Albert has been attending the AFPM (formerly NPRA’s) International Petrochemical Conference since the early 1980s and describes it as like coming back to a family reunion.
This is one of the industry’s great strengths—in unity, which is visible now in the fight against plastics marine waste.
A guiding philosophy for the Chao family in building Westlake has been to remain a family-oriented growth company that places employees and their safety first, focused on businesses they understand, with technological and/or feedstock advantages and disciplined financials, to be an investment-grade company in the $5.7 trillion chemical industry.

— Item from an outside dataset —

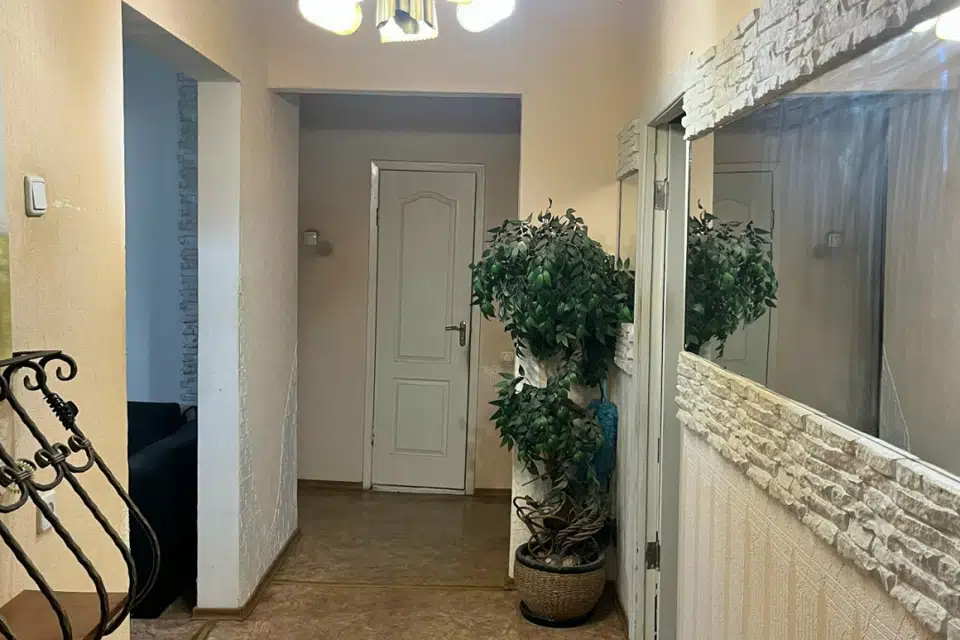 Продаётся 4-комнатная квартира, 87 м²
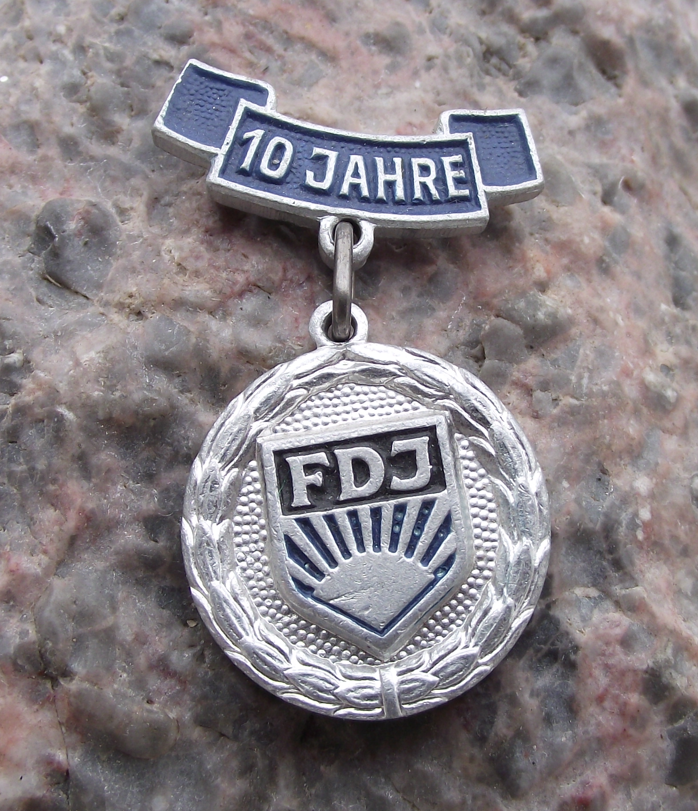 1956 FDJ Freie Deutsche Jugend East German DDR 10th Anniversary Medal Pin Badge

Faced with a backlash about single-use plastics, mounting land and ocean wastes, and global warming caused by increased greenhouse gases, Albert acknowledges that as an industry and as citizens of the world, executives must be proactive in solving global sustainability issues. At Westlake, this means achieving 30% reduction in CO2 emissions, reducing sulphur dioxide emissions to near zero, cutting energy and waste per ton of product, joining solid waste reduction efforts, and helping recyclers and municipalities with R&D to capture and recycle packaging waste
More recently, Westlake has joined the Alliance to End Plastic Waste, (led by Fitterling and Patel, mentioned above), along with 35 global chemical and plastic manufactures, plus packaging, and consumer retailing companies, to advance solutions to eliminate plastic waste in the global environment, especially in the oceans. Alliance members have committed to spend over $1 billion towards the $1.5 billion goal over the next five years to develop, accelerate, and deploy solutions; catalyze public and private investments; and engage communities globally to help end plastic waste in the environment.
Albert points out: “We are all in this together and I urge you and your companies to join hands together in solving these ominous global environmental problems and make the world a better place for all of us and our future generations.”

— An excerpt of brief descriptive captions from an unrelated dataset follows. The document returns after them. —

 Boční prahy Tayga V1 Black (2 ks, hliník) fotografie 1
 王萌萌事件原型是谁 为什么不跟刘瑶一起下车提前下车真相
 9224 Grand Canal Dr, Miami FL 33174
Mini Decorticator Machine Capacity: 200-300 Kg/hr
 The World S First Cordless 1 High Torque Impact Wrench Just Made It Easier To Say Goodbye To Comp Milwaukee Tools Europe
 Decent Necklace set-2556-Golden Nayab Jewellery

It is worth noting here that PVC is one of the plastics most subject to attack for its environmental impact, yet is essential to the production of blood bags, trachea tubes, and other critical applications.

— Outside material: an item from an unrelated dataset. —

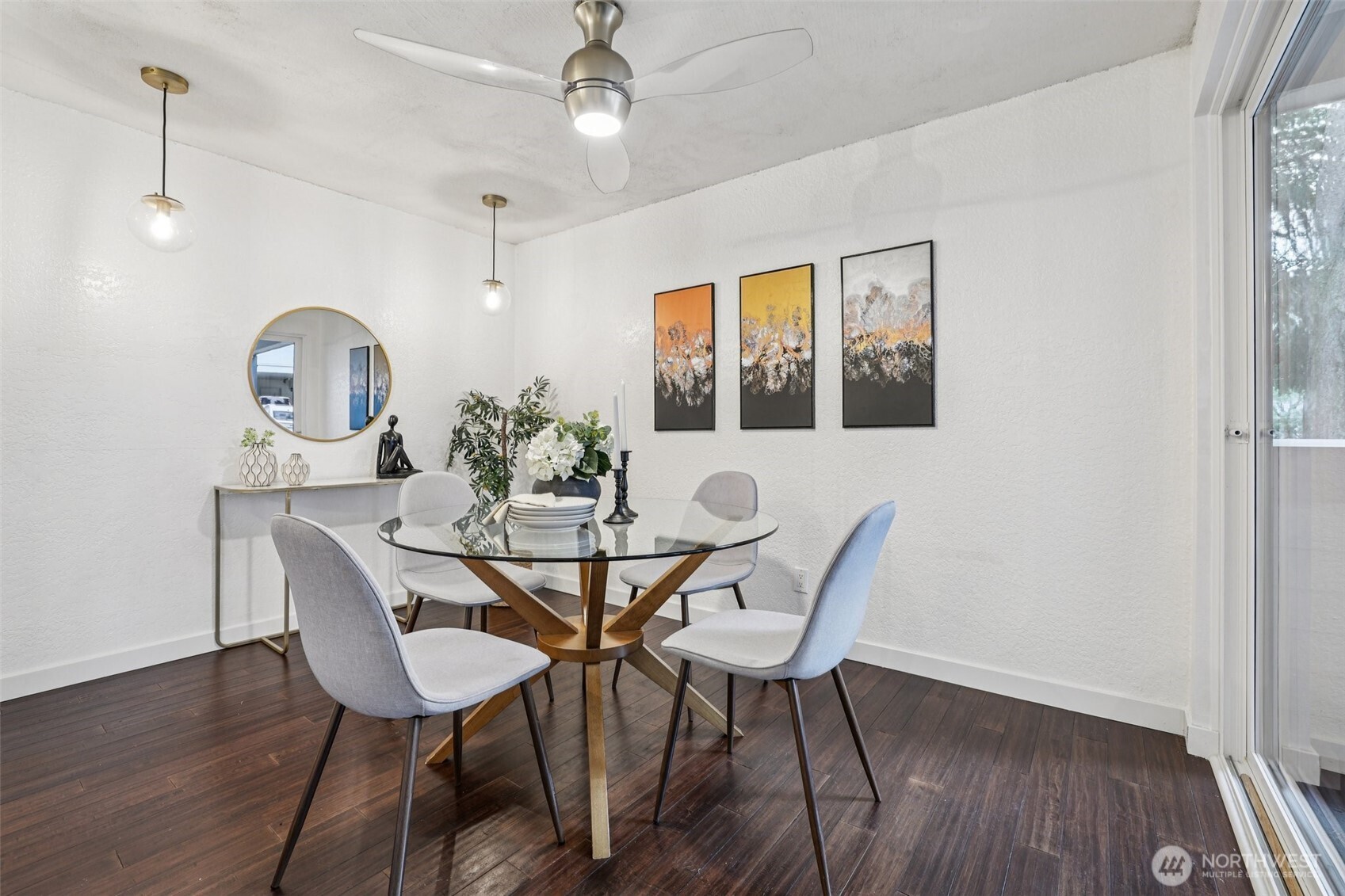 3700 26th Place West, Unit 203 Seattle, WA 98199 - Photo 11 of 38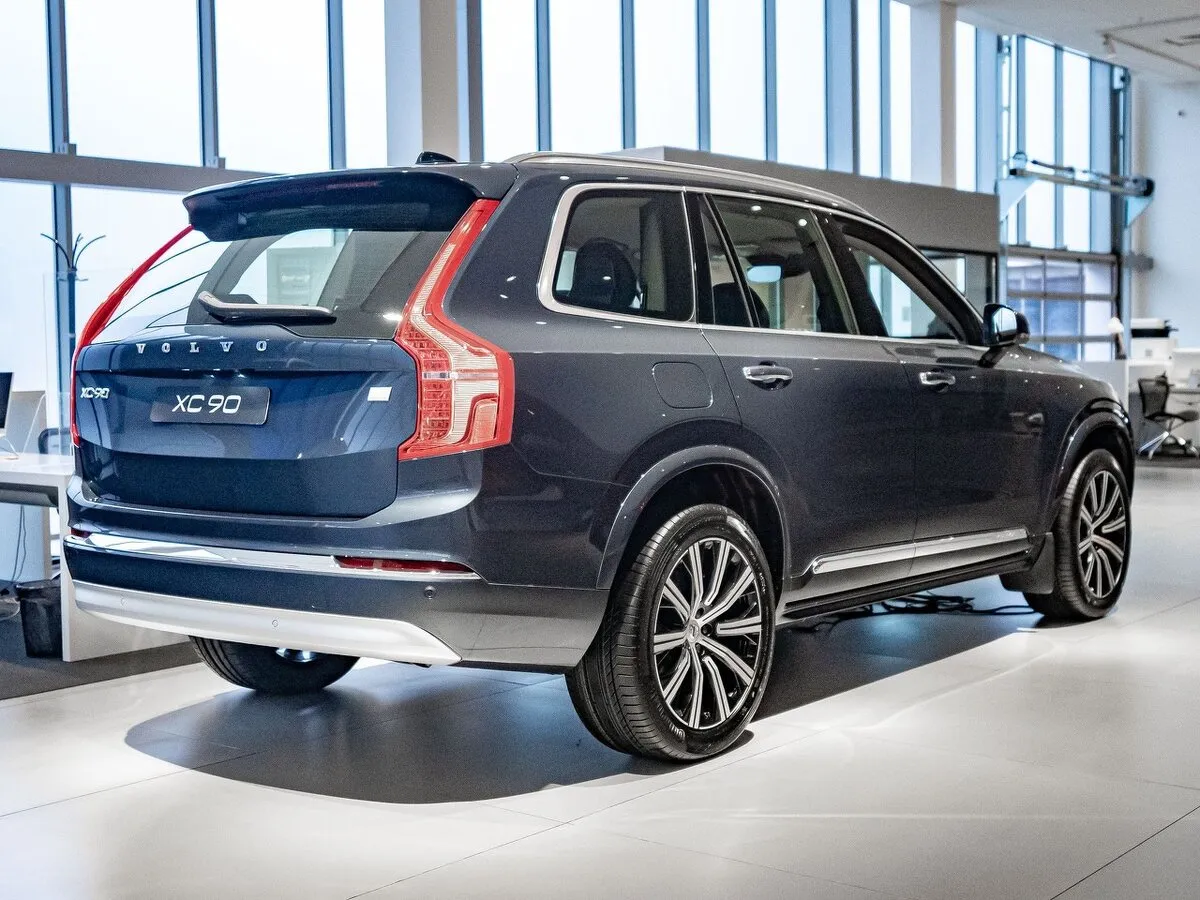 Check price and buy New Volvo XC90 Restyling For Sale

At the 2005 ceremony to accept the Petrochemical Heritage Award posthumously to his father, Albert cited more of the company’s founding principles.
“We must acknowledge that we are an organization, not of machines, chemical processes and production output, but of people. While often a trite statement, people are ultimately the essence of our success.”
“We must take pride in being good citizens of the communities in which we live and operate. A sense of community means we embrace a compassionate posture toward our neighbors, communities, and our environment.”
These surely must be a mantra for all.